Ülkemizde karasal, sayısal, uydu, kablo ve IPTV ortamından yayın yapacak kuruluşlara lisan ve yayın izni Radyo ve Televizyon Üst Kurulu tarafından verilmektedir. Radyo ve televizyon yayınları, Sayısal Kayıt, Arşiv ve Analiz Sistemi (SKAAS) aracılığıyla merkezden, temsilcilikler kanalıyla yerinden takip edilmektedir. Bu sistemle söz konusu yayınların kesintisiz kaydedilmesi ve arşivlenmesi sağlanmaktadır. Radyo, televizyon ve isteğe bağlı yayın hizmetleri, 6112 Sayılı Kanun’a, Avrupa Sınır Ötesi Televizyon Sözleşmesi gibi taraf olunan milletlerarası antlaşmalara ve ilgili yönetmeliklere uygunluk açısından denetlenmektedir.
Bu kurul, söz konusu yayın organlarının faaliyetlerini düzenlemek ve denetlemek üzere TBMM Genel kurulunca seçilen üyelerden oluşan, özerk ve tarafsız bir kamu tüzel kişiliğidir.
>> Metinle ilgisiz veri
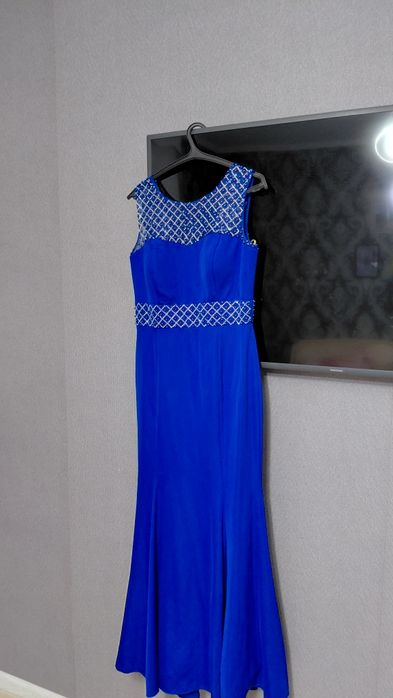 Платье вечерное.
Ülkemizde karasal, sayısal, uydu, kablo ve Internet protokol televizyonları ortamlarından yayın yapan kuruluşlara lisans ve yayın izni bu kuruluş tarafından verilmektedir.
Türkiye Cumhuriyeti Cumhurbaşkanlığı İletişim Başkanlığı
Türkiye Cumhuriyeti Cumhurbaşkanlığı İletişim Başkanlığı, Türkiye Cumhuriyeti devletinin haber alma, basın ve yayın işlerini yürütmekle görevli kurumdur. İlk adı “Matbuat ve İstihbarat Müdüriyeti Umumisi” olan kurum 7 Haziran 1920’de Mustafa Kemal (Atatürk) Paşa’nın isteğiyle kurulmuştur.
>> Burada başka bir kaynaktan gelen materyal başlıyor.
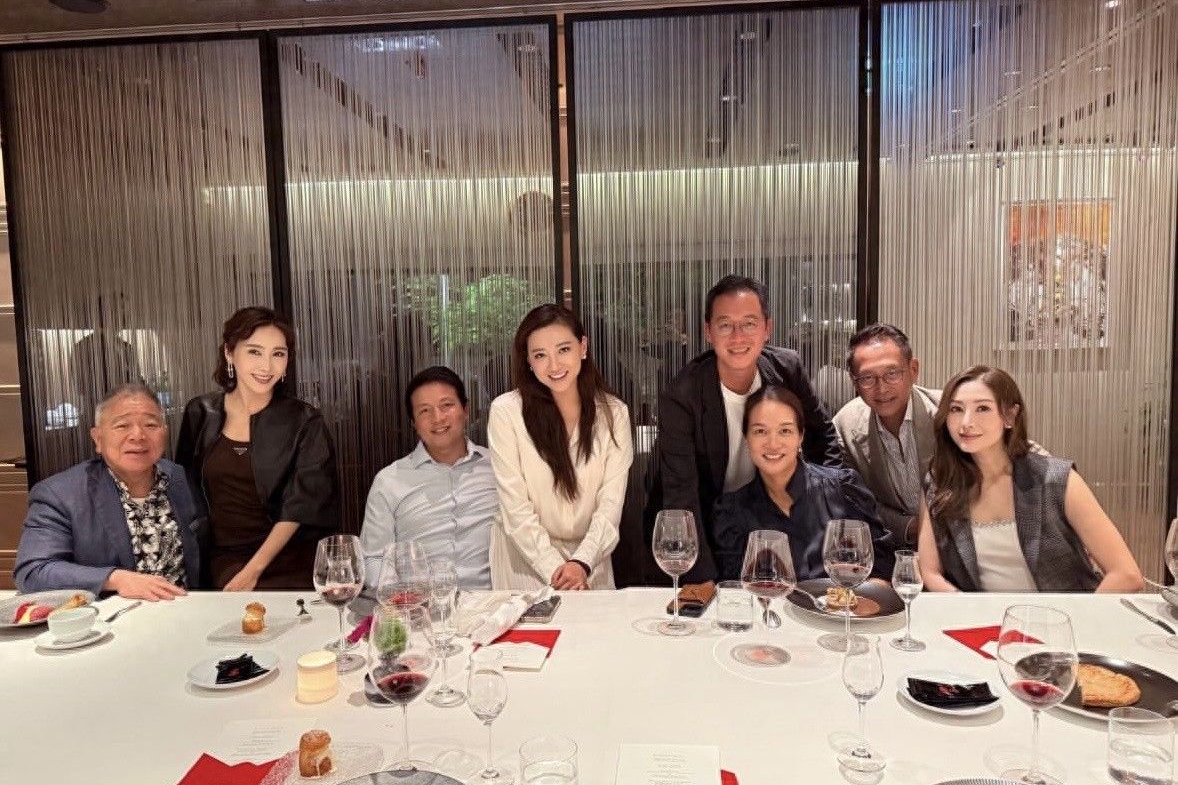 香港百亿名流夫妇聚会，李嘉欣黎姿携眷出席，两人好美合照在边上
9 temmuz 2018 tarih ve 30473 sayılı Resmi gazetenin mükerrer sayısında yet alan 703 no’lu Kanun Hükmünde Kararname ile kapatılan Basın Yayın ve Enformasyon Genel Müdürlüğü’ne ait her türlü taşınır, taşıt, araç, gereç ve malzeme her türlü borç ve alacak hak ve yükümlülükler Cumhurbaşkanlığı İletişim Başkanlığına devredilmiştir.
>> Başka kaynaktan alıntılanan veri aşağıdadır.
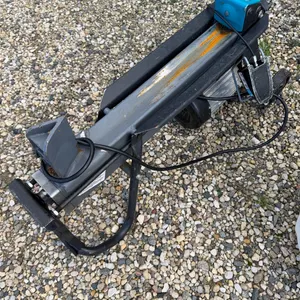 Electric yardworks wood splitter   (GST 5 % charged)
Türkiye Gazeteciler Sendikası (TGS)
Ülkemizde kurulan ilk sendikalardan biri olan Türkiye Gazeteciler Sendikası, gazetecileri sendikal bir kuruluş çatısı altında toplamayı amaçlayan 20 gazeteci tarafından 10 Temmuz 1952'de İstanbul Gazeteciler Sendikası adı ile kurulmuştur.
10 Nisan 1996’da radyo ve televizyon çalışanlarının da TGS’ye üye olabilmeleri için yapılan tüzük değişikliği Resmi Gazete’de yayımlanarak yürürlüğe girdi.